Dairy Council sustainability

According to Johnston, the issue of sustainability will underpin the Dairy Council agenda throughout 2023 and beyond.

He has confirmed that plans to put in place a new sustainability body, representing the interests of the entire agri-food industry, are developing apace.

“The plan is for an industry-led body with the scope to deliver a coherent response to the challenge of climate change, the stretching targets of legislation and the need to retain a viable food production base here in Northern Ireland,” Johnston said.

“Establishing a sustainability body will provide Northern Ireland with a competitive advantage and will champion agri-food, and farming in particular, to be key parts of the solutions for longer term twin goals of mitigating climate change and ensuring food security,” he added.

The Dairy Council representative indicated that discussions involving key agri-food sector groups had taken place with the aim of developing a governance structure for the new body.

“There has been an encouraging response so far across the entire agri-food spectrum for the establishment of this new body,” Johnston continued.

“The plan is that the board will be made up of farmer representatives and people at chief executive level from the various sectors, so the new organisation will operate at a very high level and provide the necessary strategic direction.

“This will be farmers and processors working together in common cause.”

No funding mechanism has, as yet, been agreed for the new organisation.

DAERA cooperation

However, Mike Johnston believes that delivering a range of projects for the Department of Agriculture, Environment and Rural Affairs (DAERA) will be an important part of the business plan moving forward.

“But, fundamentally, we are talking about an industry body that will be run by industry, for the benefit of industry and funded by industry.”

According to Johnston, this will involve the new body liaising with DAERA across a range of issues. But it will be very proactive in nature, especially in relation to the industry’s research agenda.
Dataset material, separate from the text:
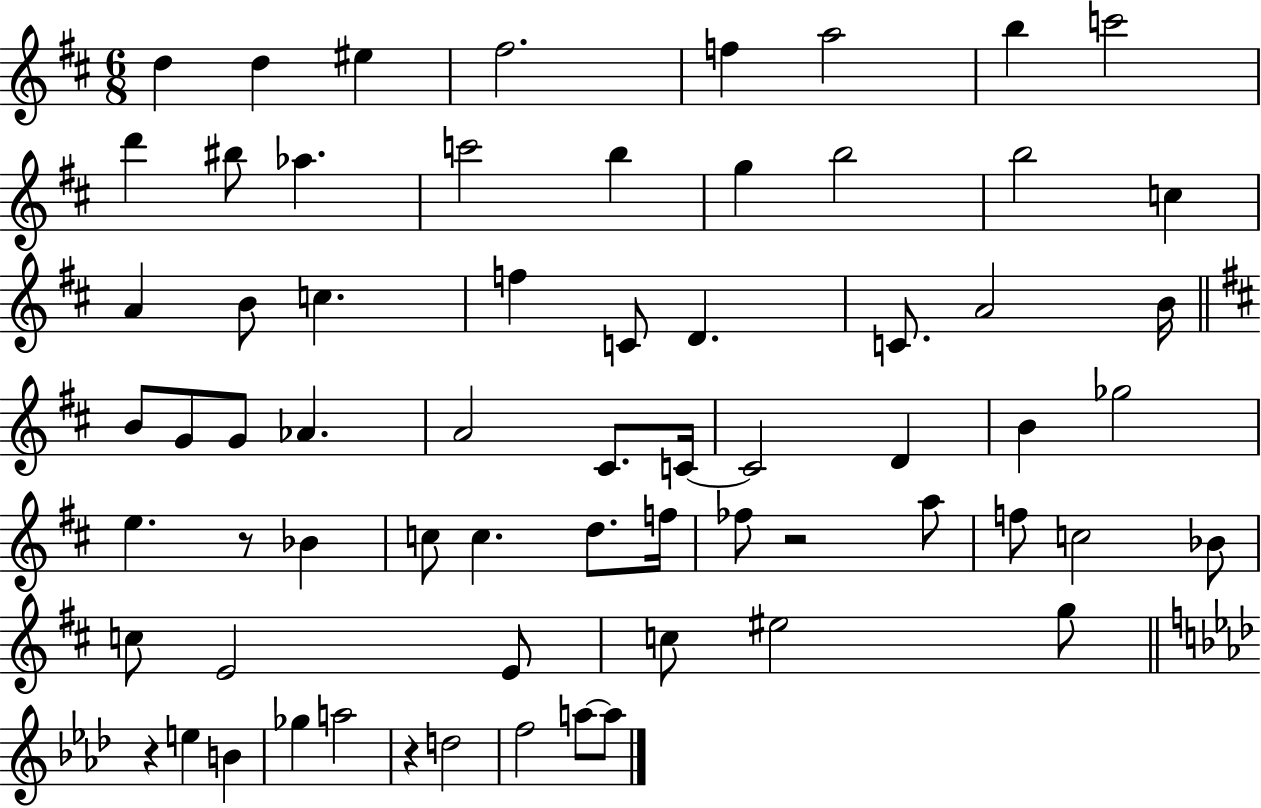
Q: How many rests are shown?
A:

“If we are to achieve the various targets that the NI Climate Change Act has set, and those that our customers are demanding, we will need a lot of new tools in the toolbox in the coming years,” he said.

“We have world-class research facilities and researchers in Northern Ireland.

“Through the sustainability body industry and research, we will have the opportunity to come together to develop the tools that will allow our farmers and processors to continue to produce food to the highest quality and lowest carbon footprint.”

The Dairy Council chief executive concluded: “The key to enabling this research will be data, and one of the key roles of the sustainability body will be to bring together the various data sources that are already out there, and that will be generated in the future.

“There is a lot of information, already available from a wide range of sources. However, it cannot be accessed from a single source; it is all over the place.

“Bringing all of this information together will be highly beneficial, and will allow us to involve the range of elements of sustainability, including animal health and welfare.”